Lectio Divina

Czwartek V tydzień zwykły

Jezus udał się w okolice Tyru i Sydonu. Wstąpił do pewnego domu i chciał, żeby nikt o tym nie wiedział, lecz nie mógł pozostać w ukryciu. Wnet bowiem usłyszała o Nim kobieta, której córeczka była opętana przez ducha nieczystego. Przyszła, upadła Mu do nóg, a była to poganka, Syrofenicjanka rodem, i prosiła Go, żeby złego ducha wyrzucił z jej córki. Odrzekł jej: „Pozwól wpierw nasycić się dzieciom; bo niedobrze jest wziąć chleb dzieciom i rzucić psom”. Ona Mu odparła: „Tak, Panie, lecz i szczenięta pod stołem jadają z okruszyn dzieci”. On jej rzekł: „Przez wzgląd na te słowa idź, zły duch opuścił twoją córkę”. Gdy wróciła do domu, zastała dziecko leżące na łóżku, a zły duch wyszedł. Mk 7, 24–30

Wiara niewierzących

Zdarza się, że czasem ktoś powie: Ten nie chodzi do kościoła, a tak mu się powodzi. Nie zasłużył sobie na to…

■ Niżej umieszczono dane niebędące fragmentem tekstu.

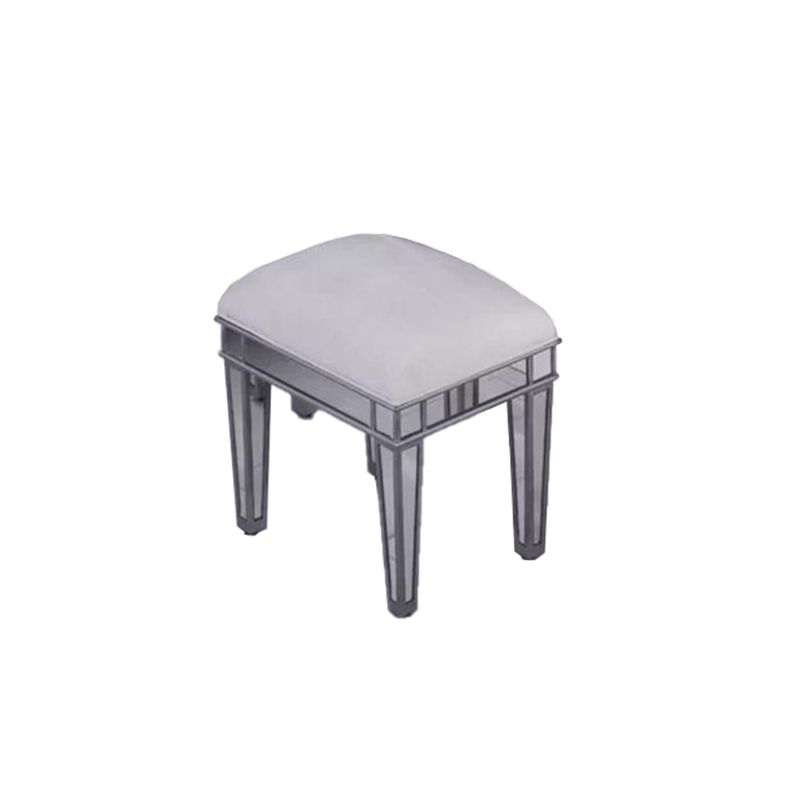 2 Drawers Mirrored Makeup Table and Stool Set Vanity for Women in Silver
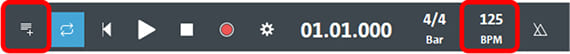 Symbole "Spuren hinzufügen" + "BPM" in der Transportkontrolle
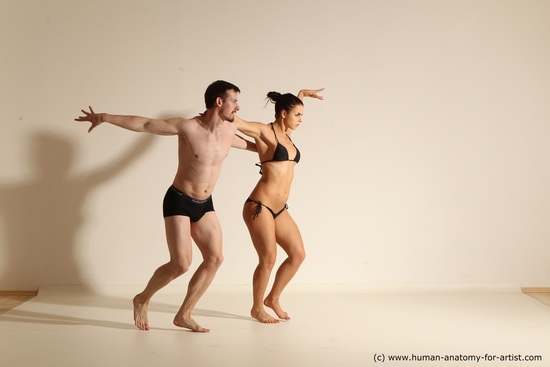 Swimsuit Woman - Man White Slim Dancing Dynamic poses Academic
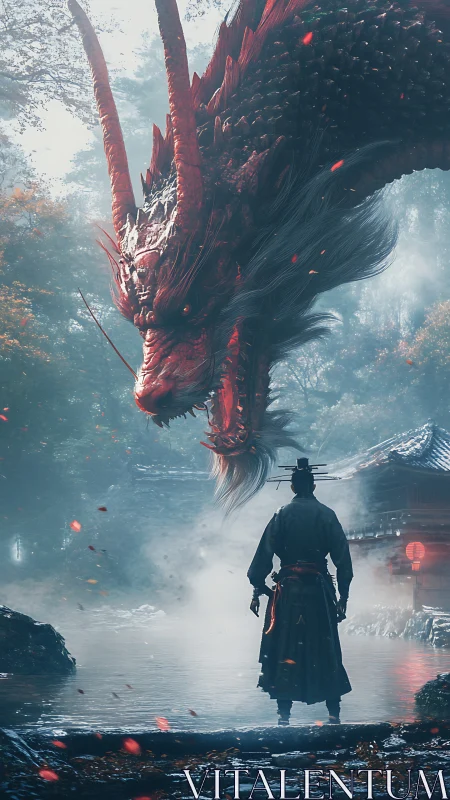 Samurai confronts a colossal dragon above a misty shrine.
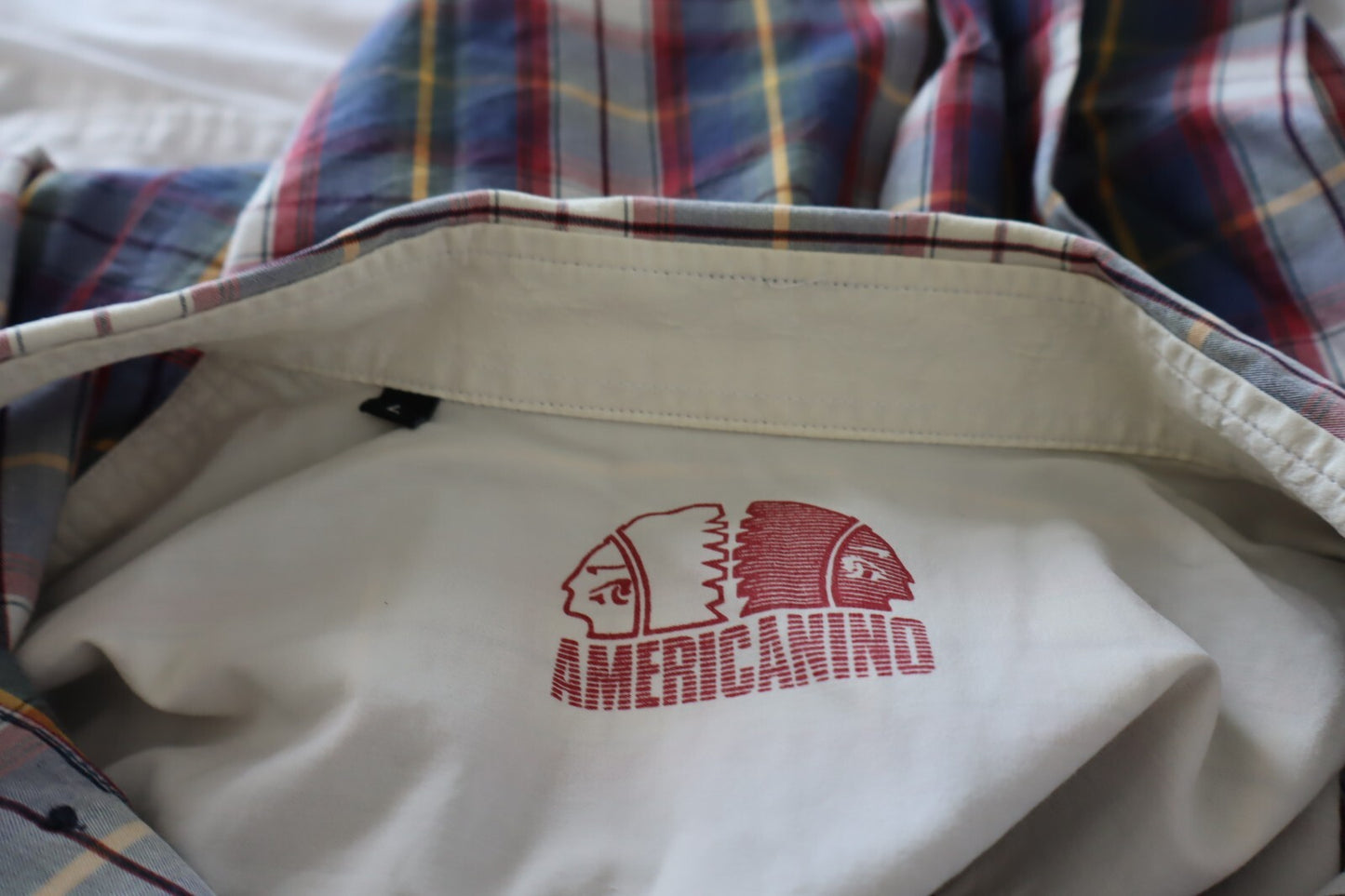 AMERICANINO CAMICIA UOMO COTONE TG. L MAN CASUAL VINTAGE SHIRT COTTON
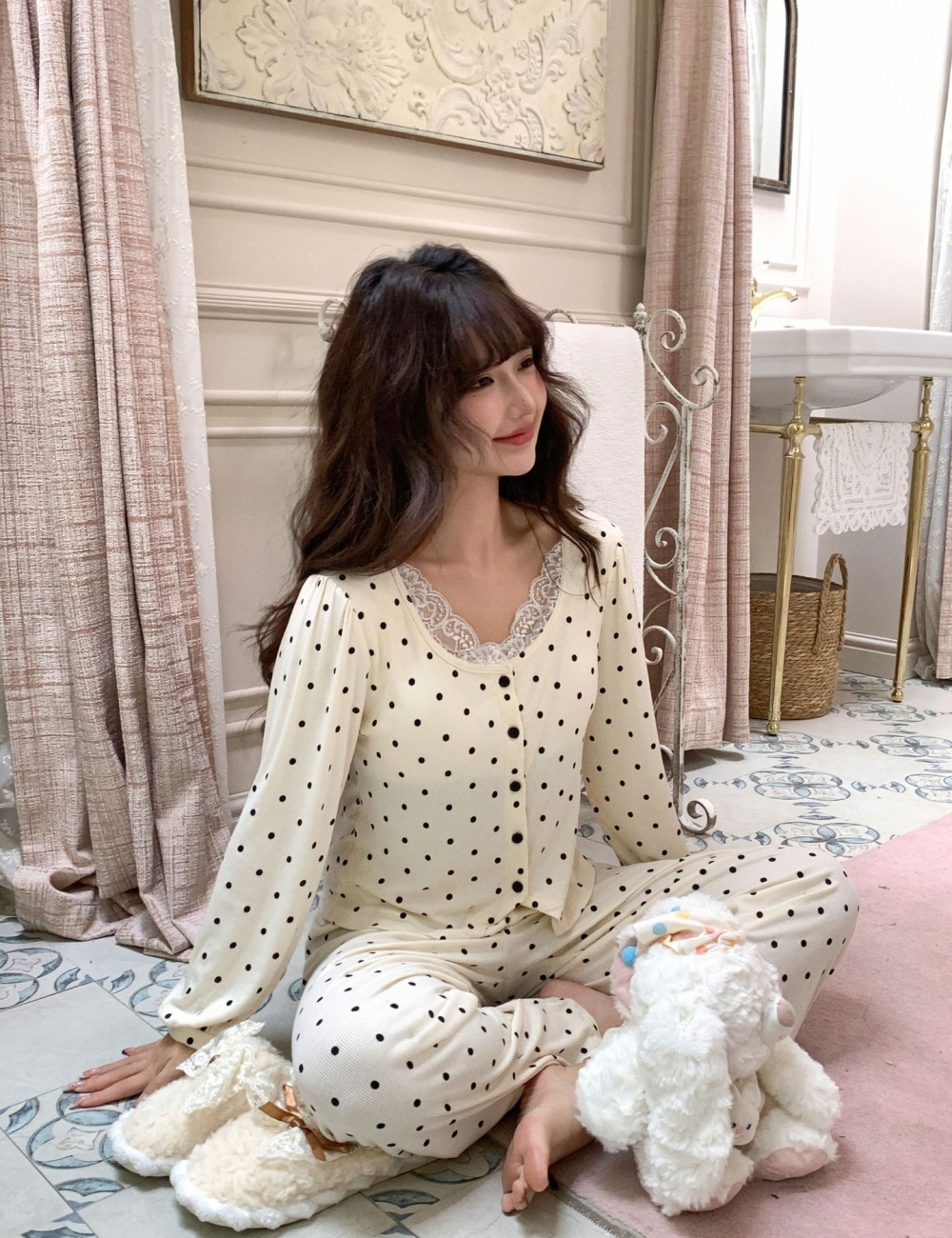 Long sleeve homewear pajamas modal long pants for women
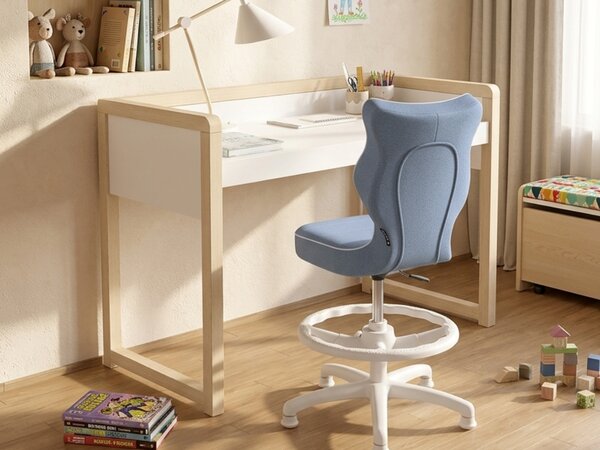 Dětský rostoucí stůl STOLLY se dvěma výškami stolu + ergonomická židle MODRÁ Zvolte rozměr židle: dítě 133 - 159 cm (výška stolu 71 - 82 cm)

Właściwie, kto z nas ma prawo tak mówić? Kto wie, co tak naprawdę dzieje się w sercu człowieka, o którym mówią, że nie zasłużył na coś? Chyba tylko ów człowiek. Tylko on zna tęsknoty swojego serca. No i oczywiście Bóg.

Jezus chodził po domach. Widocznie miał swoje ulubione miejsca, które często odwiedzał. Tym razem chciał ukryć się przed światem i znaleźć schronienie u przyjaciół. Nie udało się. Jeden drugiemu doniósł, że jest w pobliżu. Przyszła do Niego Syrofenicjanka i prosiła, aby wyrzucił z jej córki złego ducha. Najprawdopodobniej zwróciła się do Jezusa o pomoc z nadmiaru bólu i bezradności, mimo że była poganką. Mimo braku wiary, z wiarą prosiła Jezusa…

Czasem i ci, którzy nie chodzą do kościoła, a nawet wypierają się wiary w Boga, zwracają się do Niego, kiedy przyjdzie trudne doświadczenie. Przypuszczam, że czasem ta ich modlitwa, która może wyglądać jak biadolenie, jest pełna wiary. Przykład poganki pokazuje, że Jezus patrzy głębiej niż my. Widząc ból i wiarę matki, uzdrawia jej córkę. Jezus dostrzegł i docenił wiarę niewierzącej…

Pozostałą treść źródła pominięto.